- Born: 27 May 1999 (age 26) Moscow, Russia
- Occupation: Pianist

= Elizaveta Klyuchereva =

Russian pianist (born 1999)

Elizaveta Klyuchereva (Елизавета Ключерева, born 1999) is a Russian pianist who began studying music at the age of six. In 2006, she became a student at the music school of the Moscow Conservatory. She is a winner of more than 20 competitions.

==Biography==
Born on 27 May 1999, in Moscow, Russia, Elizaveta Klyuchereva has studied music since she was six, first with Manana Kandelaky and later with Alexander Strukov and Kira Shashkina at the Central Music School of Moscow's State Conservatory where, as of January 2016, she is in the tenth grade . She has performed in Russia, Germany, China, CZ Republic, England, America, Ukraine, Denmark, France, and Italy and has been awarded five Grand Prizes. Orchestras she has performed with include the Moscow Chamber Orchestra, and the Kharkiv Symphony Orchestra.
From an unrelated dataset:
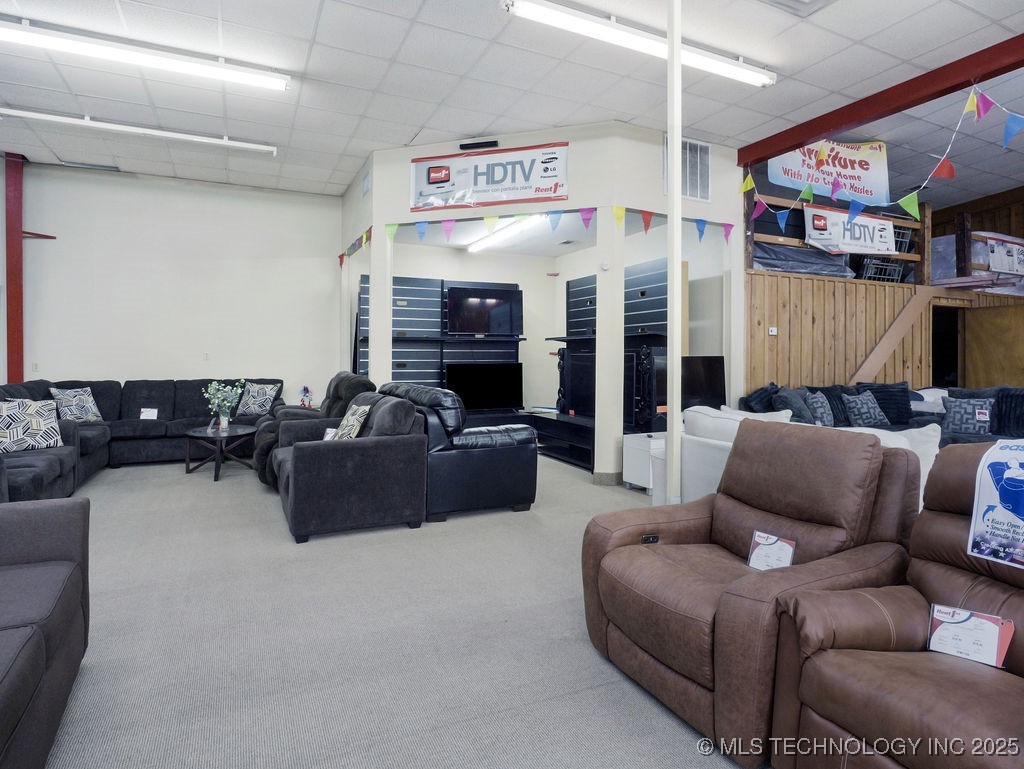 894 S Mississippi Property Photo 23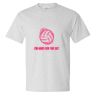 Beefy-T® T-Shirt Thumbnail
She has received support from the Yamaha Music Foundation and the Vladimir Spivakov International Charity Foundation.

==Awards==
Since 2010, Klyuchereva has received many awards, including:

- 2010: Scriabin International Piano Competition, Paris, France, 1st prize
- 2012: XI International Vladimir Krainev Young Pianists Competition, Kharkiv, Ukraine, 3rd prize
- 2012: VII Villuan International Young Pianists Competition, Nizhniy Novgorod, Russia, 1st Prize and Grand Prix
- 2012: VI A. Artobolevskaya International Competition for Young Pianists, Moscow, Grand Prix
- 2012: Music Without Limits, Lithuania, Grand Prix
- 2013: Aarhus International Piano Competition, Aarhus, Denmark, 3rd prize
- 2013: VI Young Pianists Competition of the North, Newcastle, England, 1st Prize
- 2013: IX International Piano Festival Competition for Children and Youth, Villahermosa, Mexico, 1st Prize
- 2014: Virtuosi per musica di pianoforte, Ústí nad Labem, Czech Republic, Grand Prix
- 2015: Aarhus International Piano Competition, Aarhus, Denmark, 3rd prize
- 2015: IX International Tchaikovsky Competition for Young Musicians, Novosibirsk, Russia, 2nd prize
2016 - Elizaveta has received First Prize at the Concertino Praga Competition.

2016 - Elizaveta has received II Prize and silver medal at Arthur Rubinstein Youth Piano Competition, Beijing, China.